Advocates for the regulatory state are fond of complaining that things like the financial meltdown, the BP oil spill, and the like, are the result of an “unregulated marketplace.”
But it was federal loan guarantees that first made securitized mortgages into a marketable asset. And I wouldn’t consider a $75 million cap on liability to be exactly “laissez-faire.”
That’s right. No matter how bad an oil spill, no matter how many billions of dollars of economic damage it causes, the company is only liable for $75 million over and above cleanup costs. And they can probably save more than that on the bottom line by deliberately skimping on safety precautions, with a perverse incentive structure of (as Steve Horwitz puts it) “Heads I win, tails I don’t lose.” That’s exactly the kind of incentive structure that caused Ludwig von Mises to dismiss the Oskar Lange model of market socialism as simply “playing at the market,” because the manager had nothing to lose personally.
And libertarian class analysis tells us that, despite what idealistic liberals want to believe, creating such incentive structures is the main thing governments are about. As left-wingers like Noam Chomksky put it, the idea is to socialize risk and cost and privatize profit. And Murray Rothbard described it as “our corporate state” subsidizing the operating costs of big business.
Let’s take a look, instead, at how a free market (a genuine free market, in which all economic actors do business on their own nickel, as opposed to the system of corporate-government collusion we’ve had for over 150 years) might deal with something like the British Petroleum oil spill.

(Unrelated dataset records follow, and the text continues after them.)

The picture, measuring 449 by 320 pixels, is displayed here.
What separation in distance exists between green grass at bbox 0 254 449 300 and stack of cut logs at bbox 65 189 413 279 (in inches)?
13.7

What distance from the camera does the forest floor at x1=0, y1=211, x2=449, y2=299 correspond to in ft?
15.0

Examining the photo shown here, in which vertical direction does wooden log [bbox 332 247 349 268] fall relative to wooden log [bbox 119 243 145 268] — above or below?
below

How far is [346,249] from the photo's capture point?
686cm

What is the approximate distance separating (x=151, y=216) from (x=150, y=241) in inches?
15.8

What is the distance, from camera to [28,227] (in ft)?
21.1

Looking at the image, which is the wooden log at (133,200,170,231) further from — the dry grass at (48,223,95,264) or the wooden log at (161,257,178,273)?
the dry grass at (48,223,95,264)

Without a government-imposed liability cap, BP would be liable to the full value of its assets not only for cleanup costs, but for the full amount of economic damages resulting from the Deepwater Horizon disaster. Estimates of damage to tourism and fishing center on around $5 billion, but it could be far worse if the slick spreads far enough to affect fishing and boating for Florida’s $65 billion tourism industry (just think of the Everglades). Keep in mind, also, that we’re not just talking about one-off costs this year; we’re talking about big hits to fishing and tourism for years to come, especially as the movement of toxic chemicals up the food chain may make Gulf seafood inedible for generations. This is not just a one-year loss of income from 130,000 fishing jobs, but possibly an end to these people’s careers. There are also possible indirect effects if the loss of wetlands increases coastal areas’ vulnerability to hurricanes.
And that’s not even taking into account the possibility of criminal negligence by BP executives — who apparently rivaled Massey Energy’s Don Blankenship in cutting corners for just about every conceivable kind of safety measure — and the cleaning out of their personal assets by angry juries.

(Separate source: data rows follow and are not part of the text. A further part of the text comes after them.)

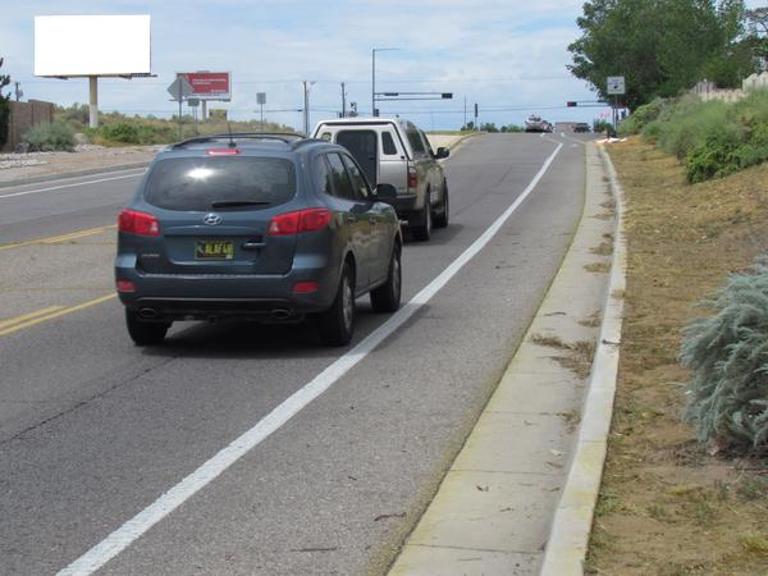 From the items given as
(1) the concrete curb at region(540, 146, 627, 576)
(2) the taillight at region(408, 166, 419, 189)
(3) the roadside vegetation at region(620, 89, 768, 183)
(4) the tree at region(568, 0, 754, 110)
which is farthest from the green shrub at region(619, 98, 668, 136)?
(1) the concrete curb at region(540, 146, 627, 576)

And remember, we’re talking about liability in addition to cleanup costs, which were $3.8 billion for the less severe Exxon Valdez spill.
These cumulative damages stack up pretty tall against BP’s total equity, which was around a hundred billion (at least before its stock took a hit the last month or so).
So absent a liability cap, as the flood of individual and class action lawsuits ate up the company’s equity, the market pressure for holding robust liability insurance (for damages up to tens of billions of dollars) would be a well-nigh non-negotiable prerequisite for economic viability in the industry.
And let’s face it. After what happened with BP, in a legal regime with no limits to liability short of total liquidation of a corporation’s assets, insurers will have a pretty significant interest in making sure policy-holders don’t bankrupt them.
What passed for federal regulations were ineffectual because, among other things, it’s not the federal government’s own money that’s at risk. Things get downright chummy between regulators and regulated. Inspectors sleeping with executives and snorting crystal meth off of toaster ovens is what you call a “public-private partnership,” I guess.
I mean, seriously. When Congress and the White House are packed with people who all got millions of dollars in campaign contributions from all sorts of regulated industries, and most of the political appointees in regulatory bodies are former directors and vice presidents of corporations in the regulated industries, how tough do you think that regulation’s gonna be? Last I heard, brown pelicans don’t contribute much to campaign funds.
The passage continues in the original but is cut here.